Madama Butterfly, Opera by G. Puccini

Madama Butterfly is the tale of an innocent young geisha who falls in love with an American sailor. Cio-Cio-San gives up her religion and family to marry Pinkerton, but is then abandoned by him. She keeps faith that one day he will return and be reunited with her and the young son he has yet to meet. However, when he does come back into their lives, it is for a very different purpose.

It is sometimes said that the role of great art is to hold up a mirror to the society it portrays. In opera, Verdi’s La Traviata certainly matches that description as does the deep irony of Mozart’s Don Giovanni. So does Giacomo Puccini’s Madama Butterfly fit into the same category?

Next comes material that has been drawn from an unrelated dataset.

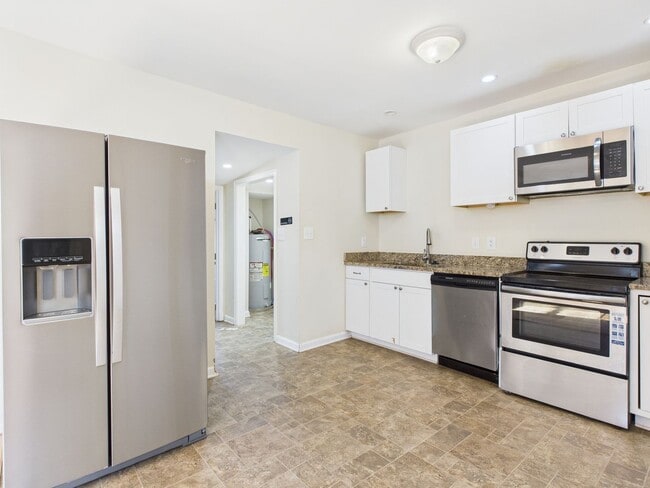 Building Photo - 604 W Vine St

The scenario for Madama Butterfly was so far removed from the experience of its first audience that they would have thought that it had very little to do with their own lives. Indeed, when the opera opened at the Teatro alla Scala in Milan on 17 February 1904, Madama Butterfly was booed off the stage. The work that Puccini put into making Madama Butterfly as believable as possible, including his use of Japanese folk music, was initially lost on Italian opera lovers. Puccini however prevailed. Today, Madama Butterfly is adored all over the world.

Delve a little deeper into the libretto and you can see how deftly its authors, Giuseppe Giacosa and Luigi Illica, hint at the tragedy that is to unfold. A casual remark by Pinkerton in the opera’s very first moments, that a marriage contract can be cancelled as easily as the lease on a house, reveal that Cio-Cio-San’s commitment is not shared by her lover.

As Prague theatregoers will discover once again this season, Puccini and his writers had, in fact, created an opera that continues to resonate with us now. We are fascinated by other cultures, but do we truly respect them? Sharpless, the United States consul in Madama Butterfly, attempts time and again to act as Pinkerton’s moral conscience. At its heart, Madama Butterfly is opera at its most human, a lesson in how we should treat other people if we are to be at peace with ourselves.